L'HOMME DE L'APRÈS-JOHNSON ?

Dans le paysage politique britannique actuel, extrêmement polarisé, Rory Stewart fait un peu figure d'extraterrestre. Son parcours est fascinant. Sur le papier, ce pur produit de l'establishment britannique dispose de tous les attributs du parfait dirigeant politique - certains le verraient même s'installer, un jour, au 10, Downing Street. Né en 1973 à Hong Kong, fils de diplomate, il a été élevé dans les meilleurs pensionnats anglais, dont le très sélect Eton, puis fut étudiant en histoire, en économie et en philosophie à Oxford. À cette époque, il a exercé la fonction de tuteur pour les jeunes princes William, deuxième dans l'ordre de succession au trône, et son jeune frère Harry, alors étudiants à Eton.

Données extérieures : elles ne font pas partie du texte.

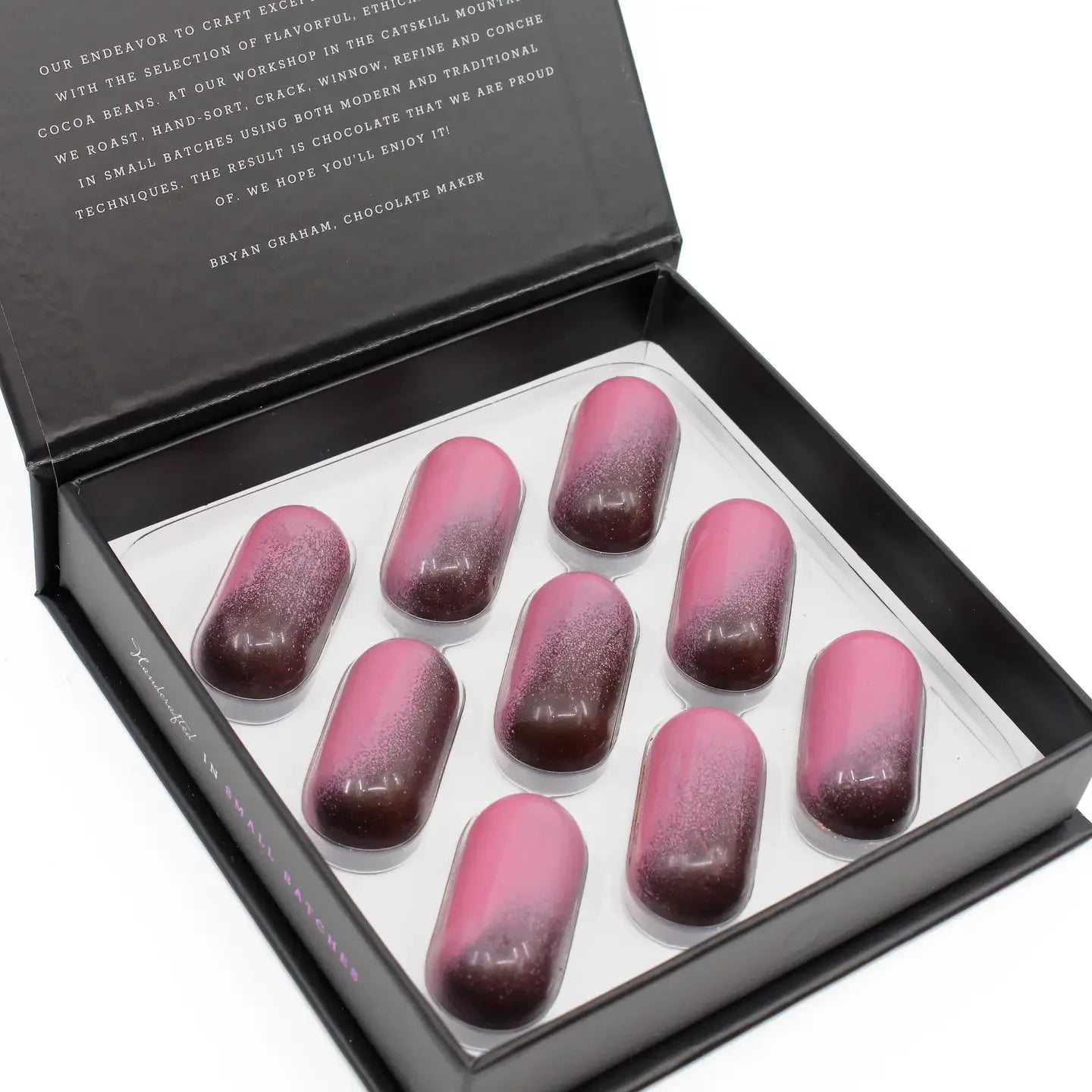 Fruition passion fruit caramels: pink-to-brown truffles in black gift box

Mais l'homme est également un véritable aventurier. Entré dans la carrière diplomatique - comme son père avant lui - à la fin de ses études et juste après un bref passage dans l'armée, il a été en poste en Indonésie en 1998 (au moment de la chute sanglante du régime de Suharto) avant d'être chargé, l'année suivante, d'ouvrir et de diriger la première représentation britannique au Monténégro (lors de la campagne de l'Otan au Kosovo voisin). Ces expériences mouvementées ne lui suffisent pas : en 2001, en quête de sensations fortes, il décide d'effectuer... une longue marche de l'Iran à la Birmanie ! Le 11 septembre de cette année-là, jour des attentats de New York et de Washington, il se trouve au Népal. Comprenant que c'est en Afghanistan, où les talibans offrent l'abri à Oussama Ben Laden et à Al-Qaïda, que la grande Histoire va s'écrire, il change d'itinéraire et décide de rallier Kaboul, où il arrivera à pied depuis Herat, dans l'ouest du pays. De ce périple de 36 jours il tire un ouvrage remarquable, En Afghanistan, qui deviendra un best-seller au Royaume-Uni et aux États-Unis. C'est une expérience qui, dit-il souvent, a « transformé [sa] vie». Il y a mesuré « le gouffre entre la réalité des villages et celle de la diplomatie ».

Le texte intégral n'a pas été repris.